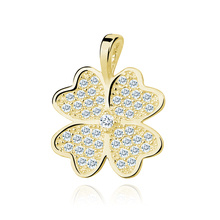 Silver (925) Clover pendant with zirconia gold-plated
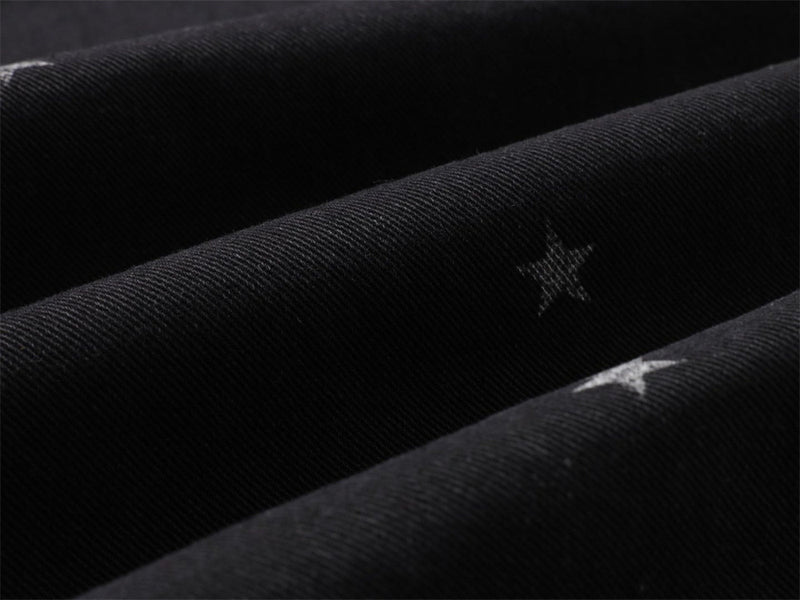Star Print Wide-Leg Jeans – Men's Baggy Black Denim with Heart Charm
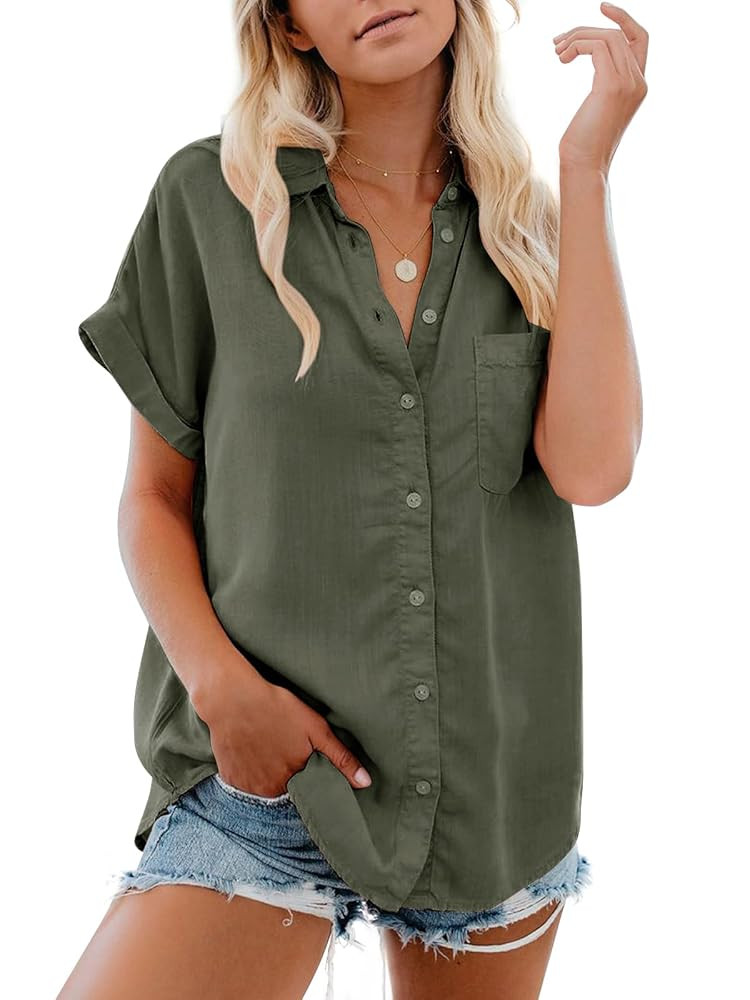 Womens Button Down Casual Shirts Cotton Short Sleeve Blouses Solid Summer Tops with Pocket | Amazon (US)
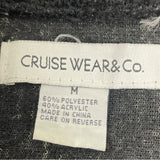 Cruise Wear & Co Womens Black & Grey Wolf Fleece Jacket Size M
_ _ _ _
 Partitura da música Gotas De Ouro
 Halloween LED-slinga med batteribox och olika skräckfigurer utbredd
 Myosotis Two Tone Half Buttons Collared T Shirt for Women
_ _ _ _
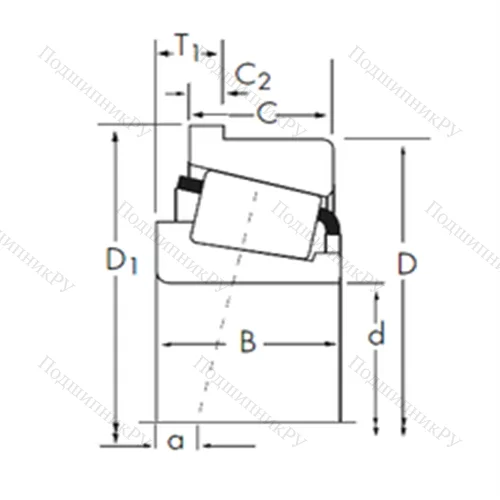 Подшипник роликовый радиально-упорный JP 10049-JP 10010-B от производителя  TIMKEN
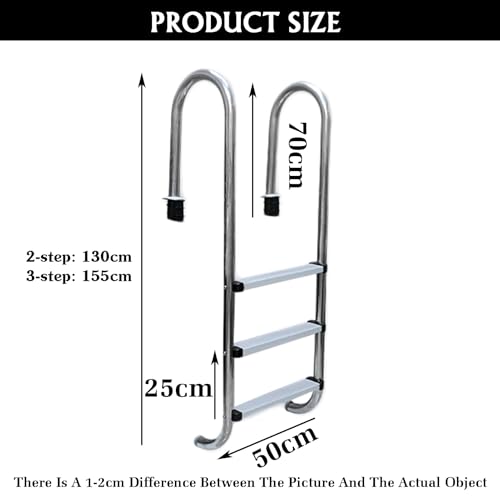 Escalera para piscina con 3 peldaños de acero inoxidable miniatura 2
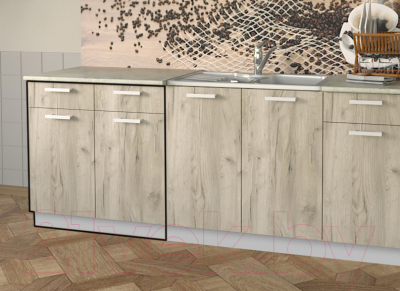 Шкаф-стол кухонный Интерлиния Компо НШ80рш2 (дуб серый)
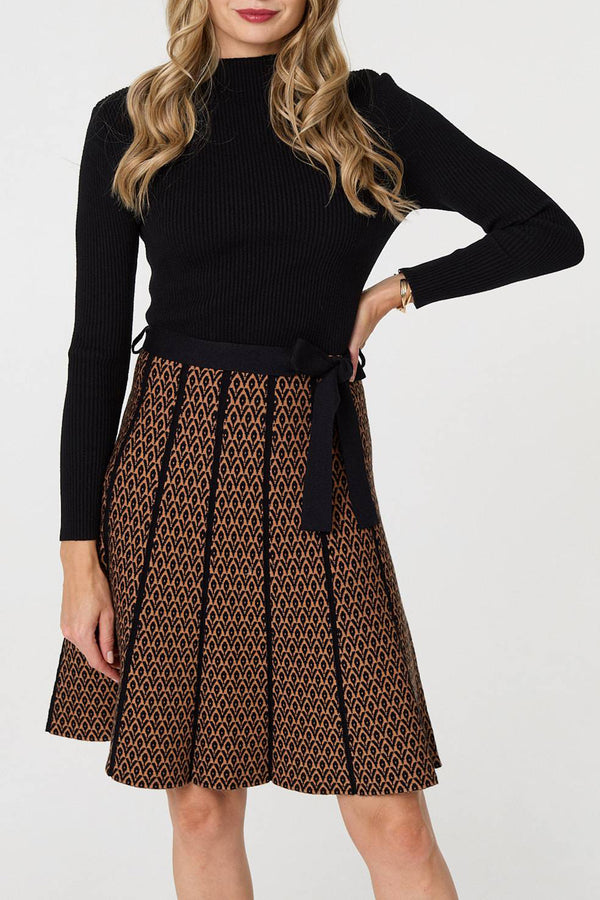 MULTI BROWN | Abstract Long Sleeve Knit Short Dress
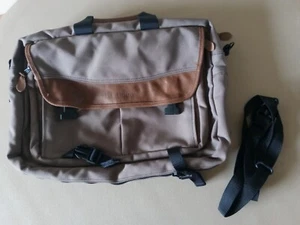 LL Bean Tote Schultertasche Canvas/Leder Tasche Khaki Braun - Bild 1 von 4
_ _ _ _
▸ Exercise details
Above are the records; restate exactly the lines from the one containing "Шкаф-стол кухонный Интерлиния" through the one containing "LL Bean Tote", keeping pictures out.

▸ Solution to the exercise
 Шкаф-стол кухонный Интерлиния Компо НШ80рш2 (дуб серый)
 MULTI BROWN | Abstract Long Sleeve Knit Short Dress
 LL Bean Tote Schultertasche Canvas/Leder Tasche Khaki Braun - Bild 1 von 4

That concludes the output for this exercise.